Work order -
Copy task, pictures excluded: set down exactly the lines from the one containing "NEXSMART™ MEDIUM SMART" to the end of the data below.

Records for this exercise -
/---
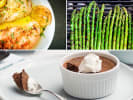 Cooking Class - Parisian Romance - Date Night in Northern Virginia: collage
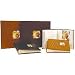 MBI Quilted Collection Series Bound Tabletop Photo Album, Solid Color Covers with Diamond Quilt Design, Holds 200 4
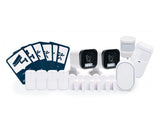 NEXSMART™ MEDIUM SMART ALARM PAKKET MET CAMERA (50-100M2) - 1
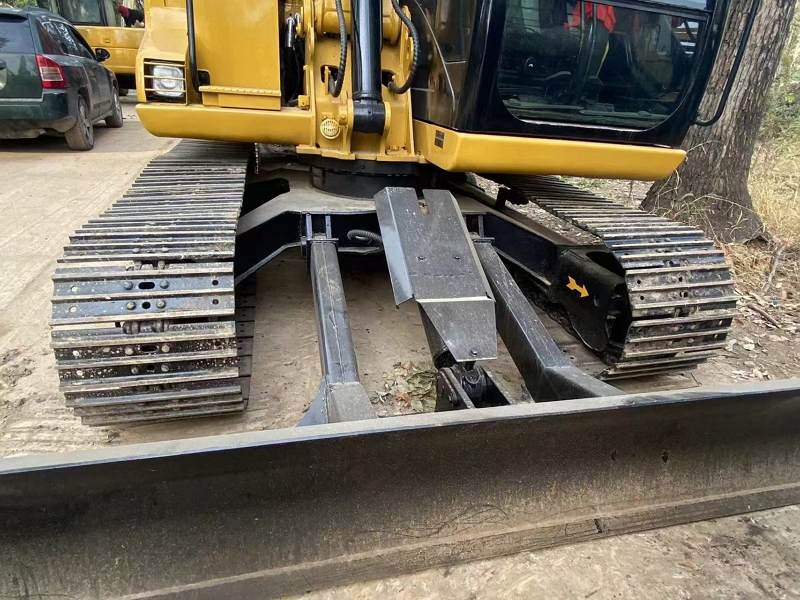 Cat Used 307D High Cost Performance And Compact 7 Tons Japan Original Hydraulic Mini Excavator 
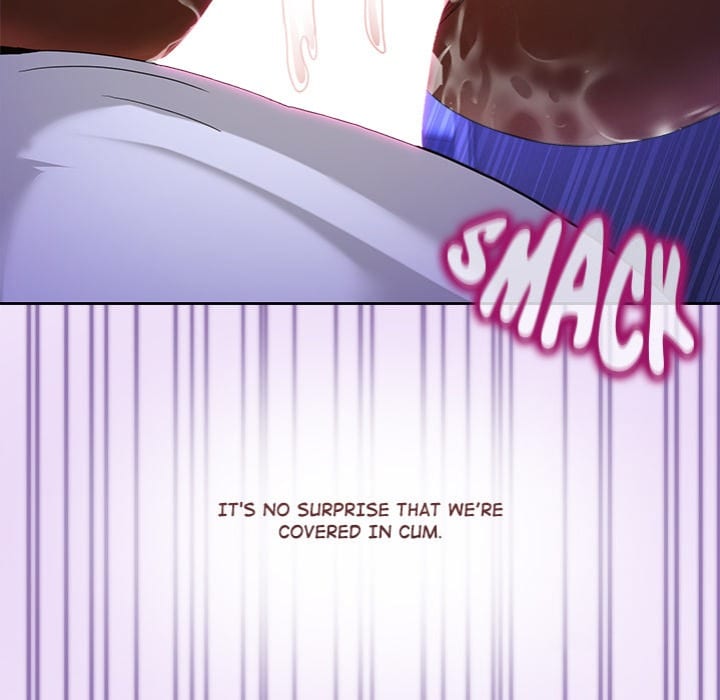 No Men Allowed (Uncensored), chapter 29, page 124 of 181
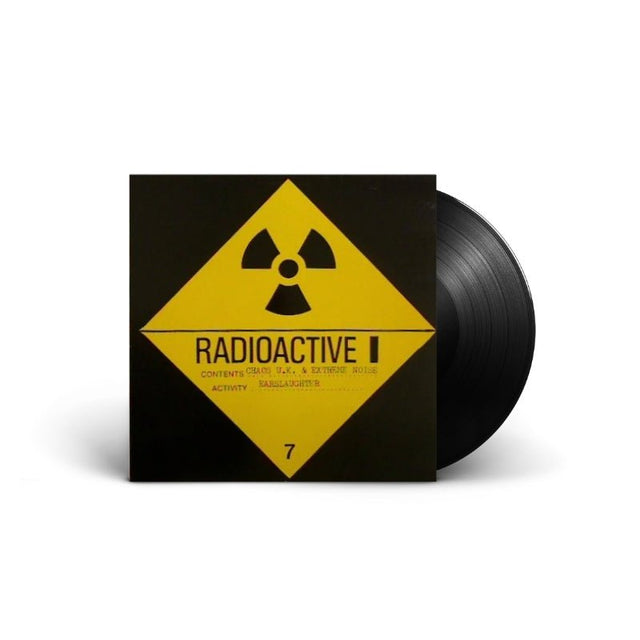 Chaos U.K. & Extreme Noise - Earslaughter Vinyl Vinyl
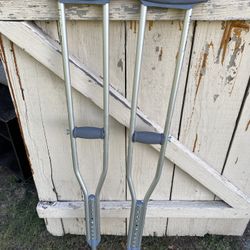 Crutches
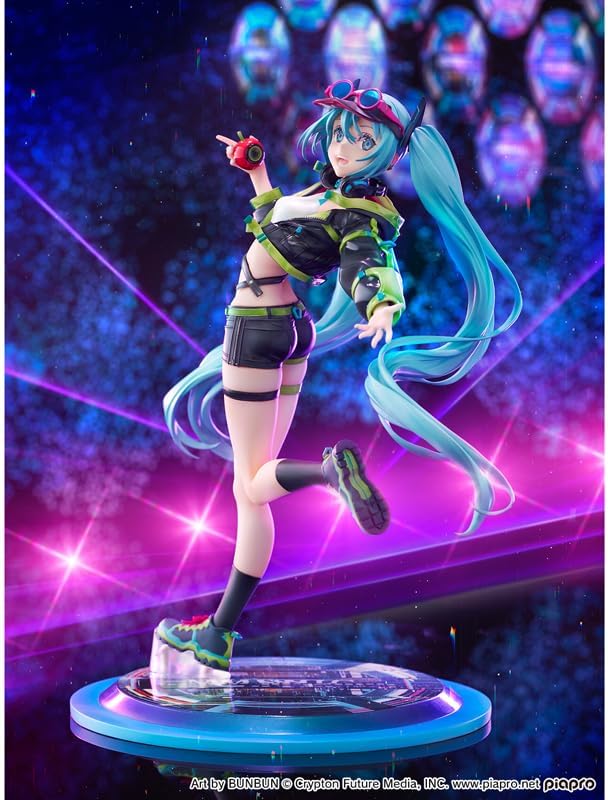 初音ミク HATSUNE MIKU Digital Stars 2024 ver. 1/7 完成品フィギュア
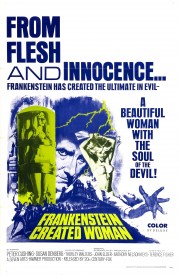 stream free Frankenstein Created Woman hd online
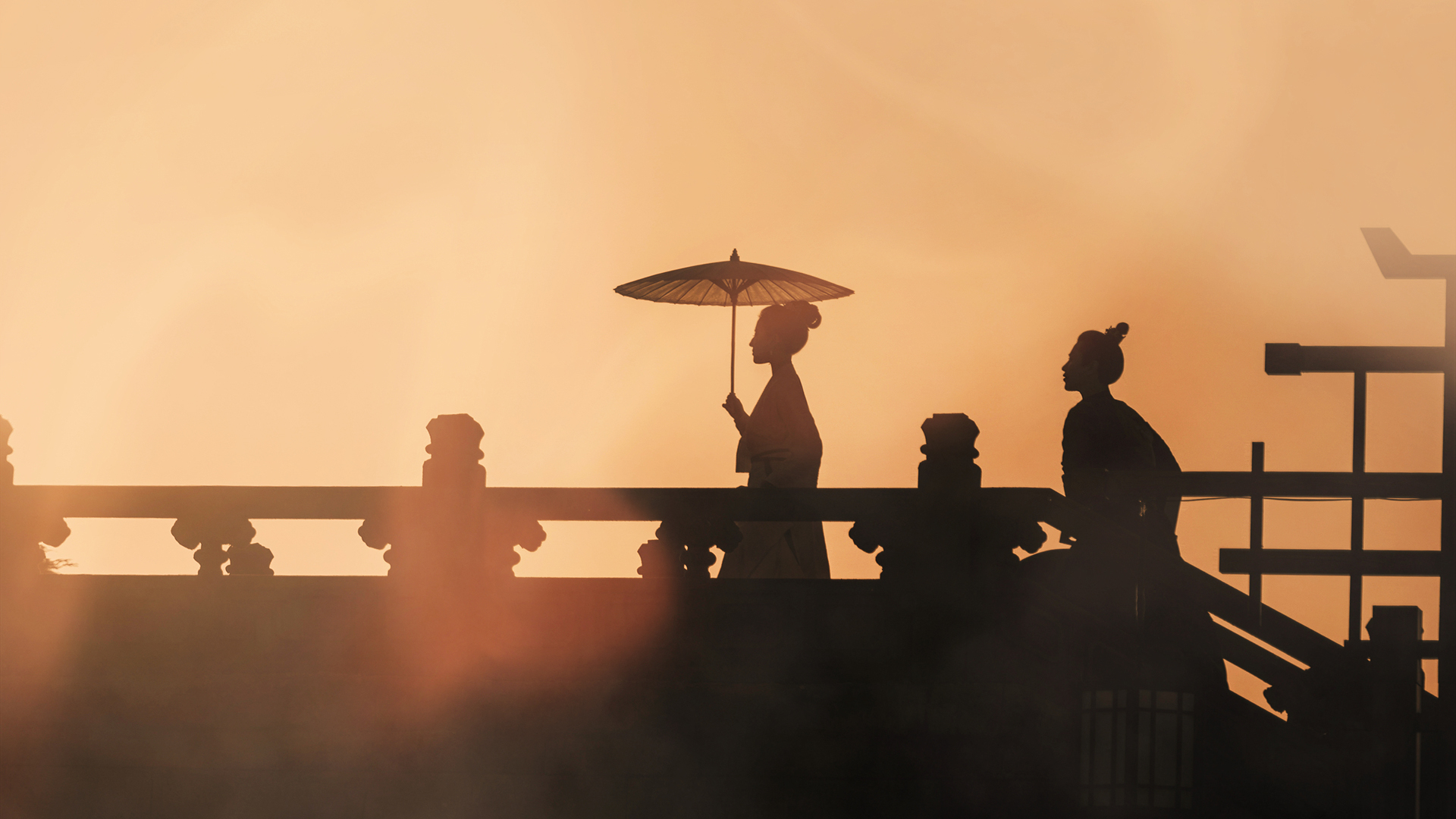 《梦华录》骨相美 唯美壁纸_高清影视壁纸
\---
Task answer -
 NEXSMART™ MEDIUM SMART ALARM PAKKET MET CAMERA (50-100M2) - 1
 Cat Used 307D High Cost Performance And Compact 7 Tons Japan Original Hydraulic Mini Excavator 
 No Men Allowed (Uncensored), chapter 29, page 124 of 181
 Chaos U.K. & Extreme Noise - Earslaughter Vinyl Vinyl
 Crutches
 初音ミク HATSUNE MIKU Digital Stars 2024 ver. 1/7 完成品フィギュア
 stream free Frankenstein Created Woman hd online
 《梦华录》骨相美 唯美壁纸_高清影视壁纸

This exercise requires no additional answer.